◆ **Task to complete**
Once the line with "MagVIVACE Women Copper" is found in the entries below, repeat it and each following line exactly, up to and including the line with "Peas, Love and Happiness Ceramic Coffee Mug". Add no other lines.

◆ **Material to process**
§ §

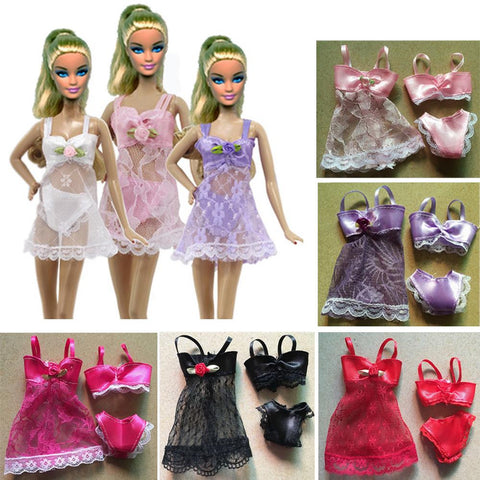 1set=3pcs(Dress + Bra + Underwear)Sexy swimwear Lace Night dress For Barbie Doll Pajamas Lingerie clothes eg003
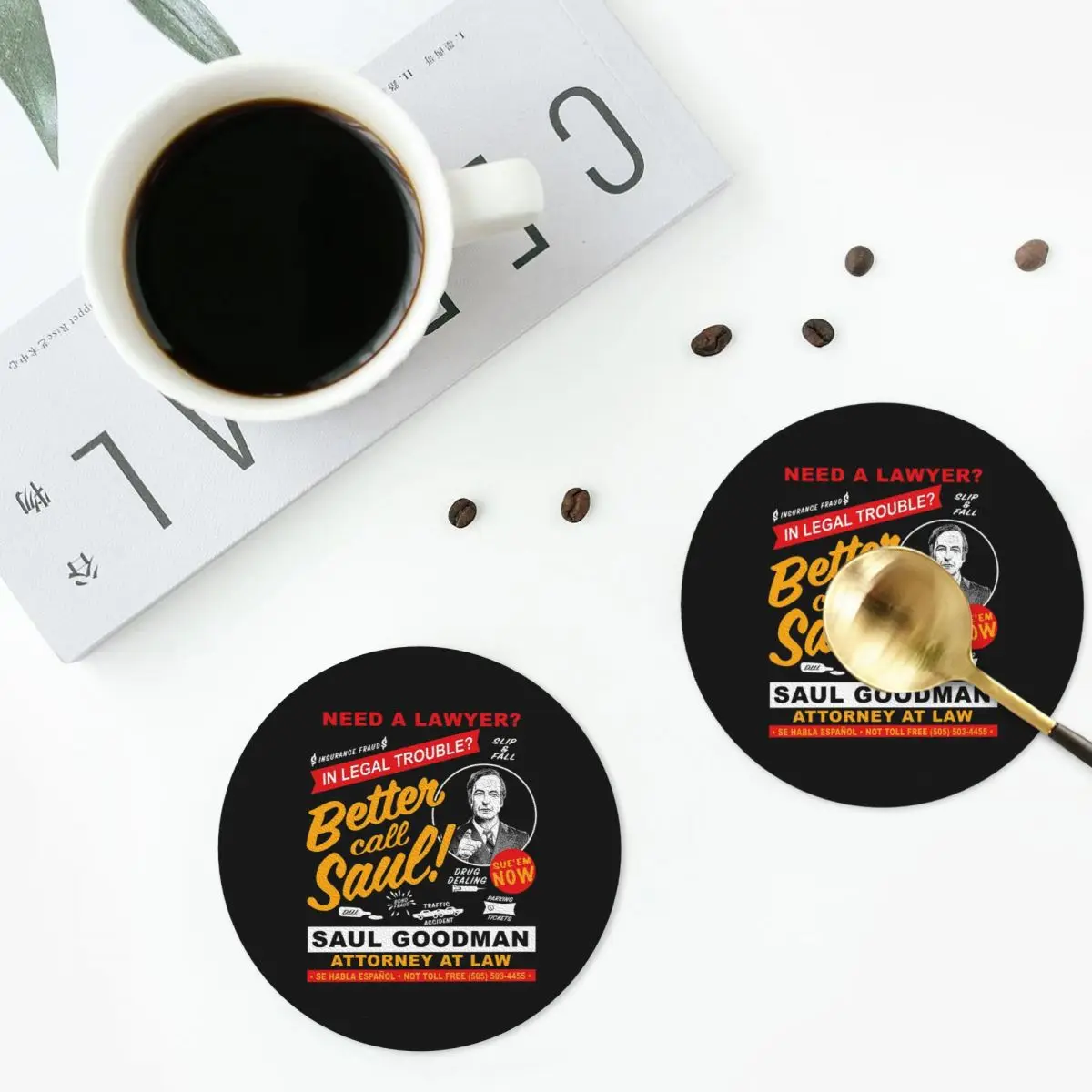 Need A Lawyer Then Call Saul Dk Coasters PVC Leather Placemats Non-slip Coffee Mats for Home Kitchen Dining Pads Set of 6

§ §

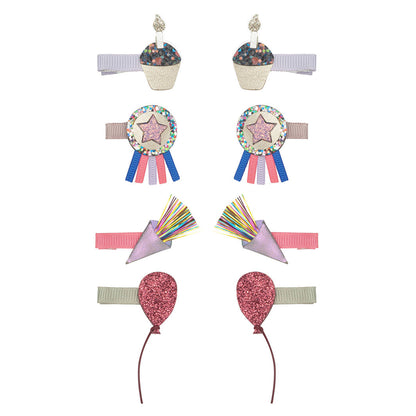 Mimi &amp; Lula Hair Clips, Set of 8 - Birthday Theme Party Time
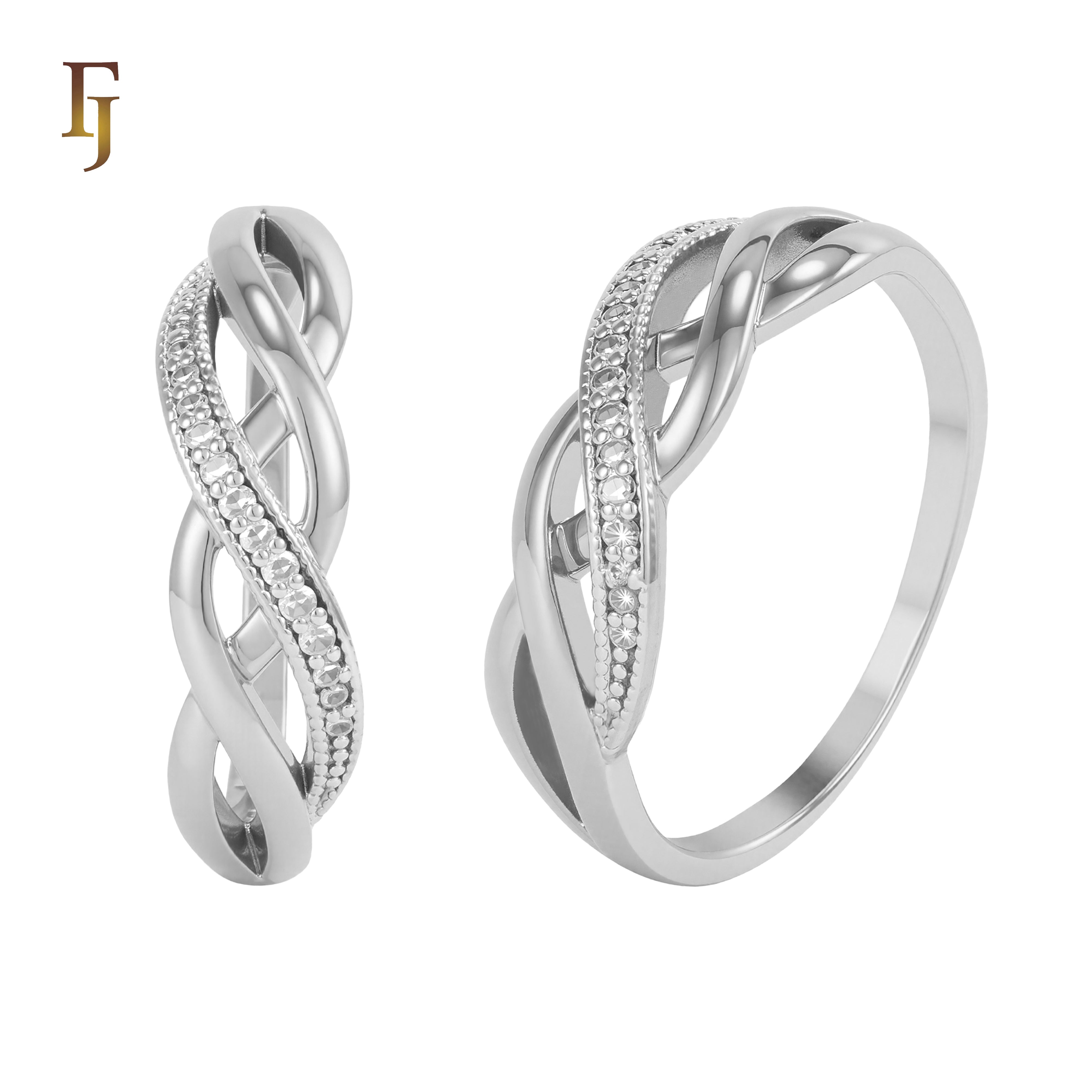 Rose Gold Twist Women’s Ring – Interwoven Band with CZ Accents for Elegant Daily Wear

§ §

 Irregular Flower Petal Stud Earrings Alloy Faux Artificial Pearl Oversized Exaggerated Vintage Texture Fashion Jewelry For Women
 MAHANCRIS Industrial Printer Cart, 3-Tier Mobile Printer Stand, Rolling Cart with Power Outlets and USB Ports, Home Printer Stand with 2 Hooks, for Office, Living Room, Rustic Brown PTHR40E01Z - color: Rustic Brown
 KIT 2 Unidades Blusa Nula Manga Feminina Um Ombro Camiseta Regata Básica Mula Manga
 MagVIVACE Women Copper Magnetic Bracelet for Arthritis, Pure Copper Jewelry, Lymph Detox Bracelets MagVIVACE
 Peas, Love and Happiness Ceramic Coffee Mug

§ §

◆ **Written response**
 MagVIVACE Women Copper Magnetic Bracelet for Arthritis, Pure Copper Jewelry, Lymph Detox Bracelets MagVIVACE
 Peas, Love and Happiness Ceramic Coffee Mug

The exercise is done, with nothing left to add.